Costruita nel 1931, ma il primo progetto risalente già al 1912, e soprannominata dal suo architetto Ulisse Stacchini una “cattedrale in movimento”, con i suoi tanti stili che le danno una cifra architettonica complessa da farne un esempio unico nel suo genere, è strutturata su tre piani, ciascuno dei quali con tanti di quegli ambienti che sconfinano quasi nell’infinito, trapassando luoghi e tempi, così da estendersi oltre il proprio perimetro fisico. Ed è questa intuizione che, un po’ alla volta, per affondi continui, dà originalità al romanzo, la cui proiezione estremamente realista, con i suoi tanti personaggi, dai barboni ai drogati, dagli informatori della polizia ai corrotti, dal buio cupo dell’abiezione nei suoi meandri alla luce della solidarietà, si dipana nella magia con l’evocazione di un passato storico che risveglia – in una sorta di terza dimensione – i fantasmi della deportazione degli ebrei milanesi nei campi di sterminio nazisti. E questo trapasso metafisco, visionario, si incarna in Laura Cordero, fondamentale deuteragonista, i cui occhi soltanto vedono due bambini che girano, solitari e incontrollati per la stazione, e sui quali si ostina in una ricerca che la porterà nella Storia e in altri gironi danteschi, dove s’incontrerà con Riccardo Mezzanotte, per dare insieme avvio, nel ludibrio degli altri, alla scoperta di una realtà nascosta ma non meno vera di quella che vedono gli altri. A lei, a Laura, bellissima creatura, il ruolo di Beatrice, la cui lunga messa in pericolo, nei tanti giorni della sua scomparsa, permetterà a Riccardo di scardinare le ultime resistenze nel suo bisogno di verità e giustizia.
Naturalmente, tutto ciò non può che portare alla catarsi dei due protagonisti, la cui esperienza ha il valore di un viaggio dentro se stessi, grazie al quale si sbarazzeranno delle menzogne che li circondano, per cui le verità che scopriranno li aiuterà a scoprire come valori quali l’amore e l’amicizia, financo quelli ritenuti più consolidati e sicuri, siano sempre stati, fino ad allora, traditi.

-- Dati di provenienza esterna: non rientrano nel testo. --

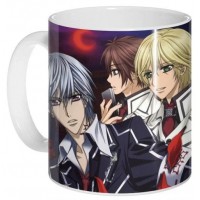 Кружка Vampire Knight 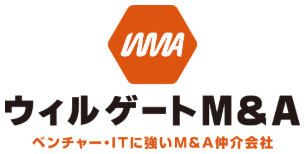 ウィルゲートM&A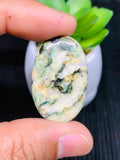 Mariposite Cabochon • Code A1- A6 • AAA Quality • Natural Mariposite Cabs • Mariposite Pendant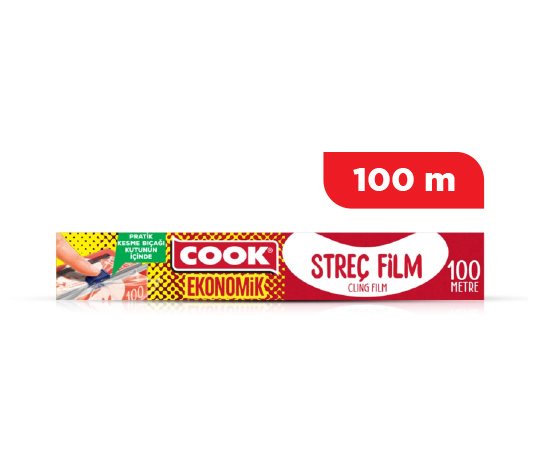 Streç Film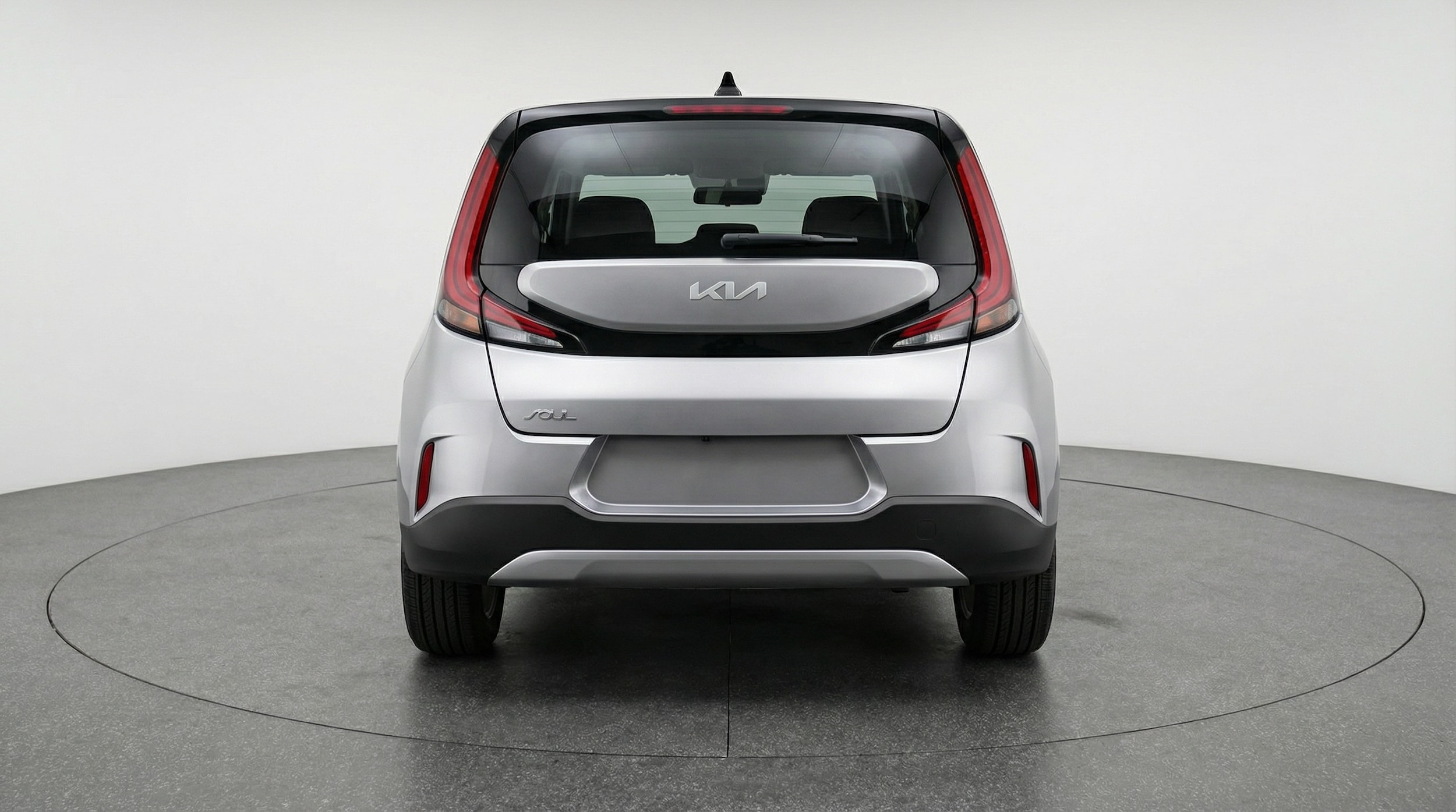 Thumbnail: 2025 Kia Soul - 6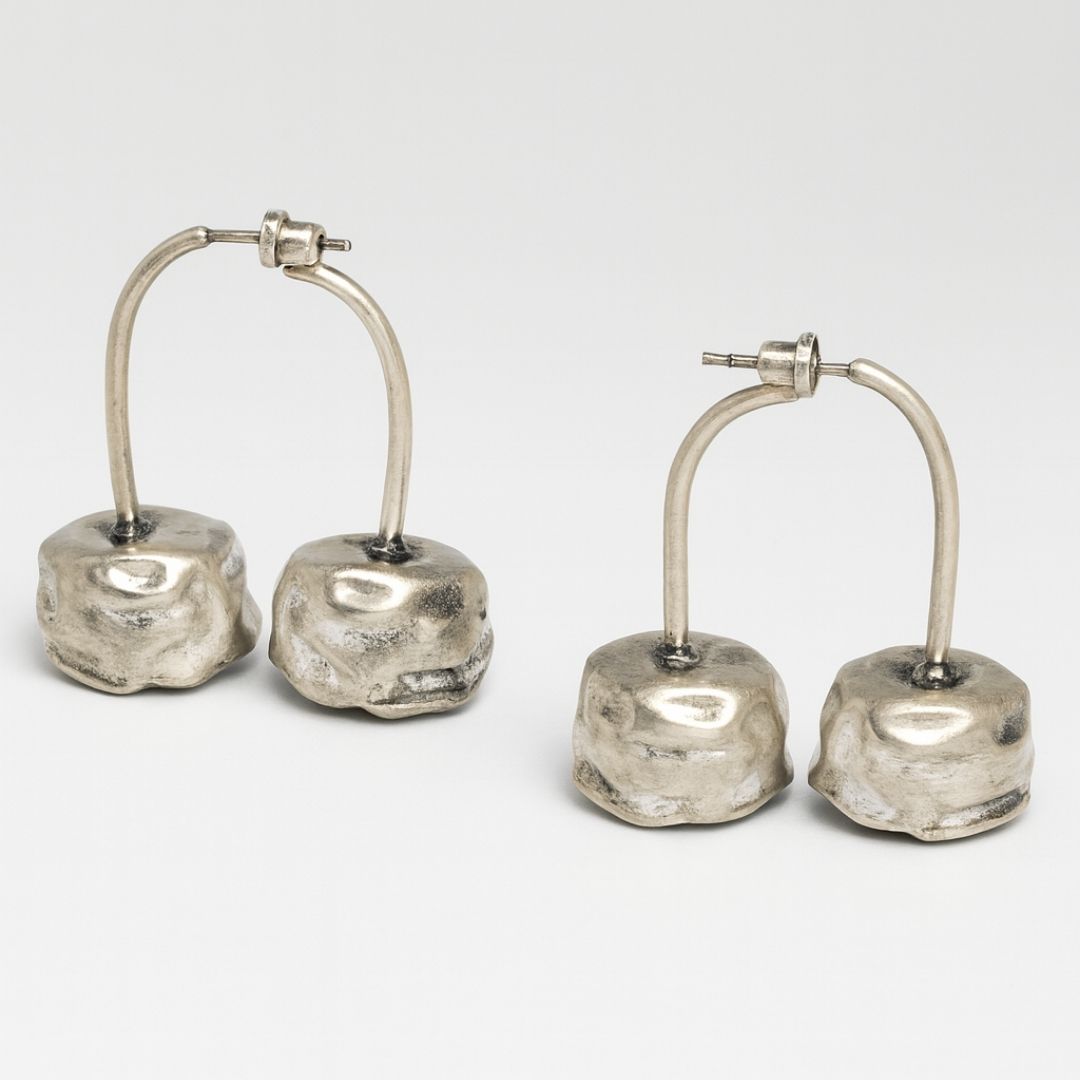 Bell Earrings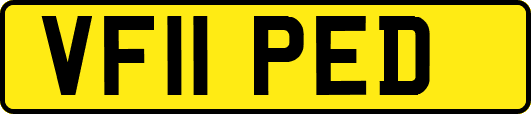 VF11PED
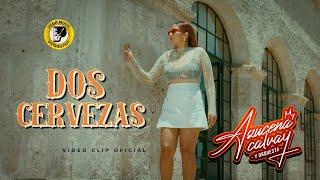 AZUCENA CALVAY - Dos Cervezas - Videoclip Official (Versión Sola)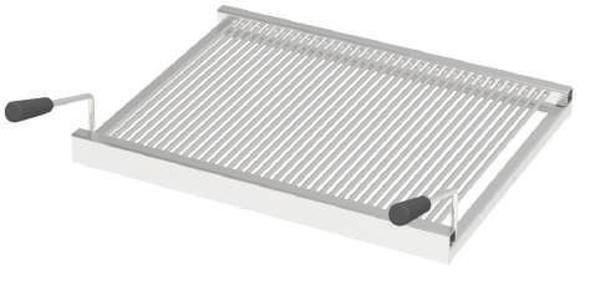 Anka Paslanmaz Steak Izgara 50x40 cm - Image 1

Una scoperta che varrà soprattutto per Riccardo, legato al ricordo del padre, poliziotto a sua volta, ammirato per le sue tante imprese che riportano alla memoria i maggiori criminali del dopoguerra che lui aveva fatto arrestare e che, per questo, è morto ammazzato. Ma è solo un dettaglio, seppur importante, dei tanti che la stazione, in questo caso intesa come il romanzo “La stazione”, con i suoi gironi interni, sviscera attraverso le sue tante avvincenti pagine che raccontano la coscienza inquieta dell’umanità , compresa quella del lettore che, appunto, pagina dopo pagina, vi si immerge.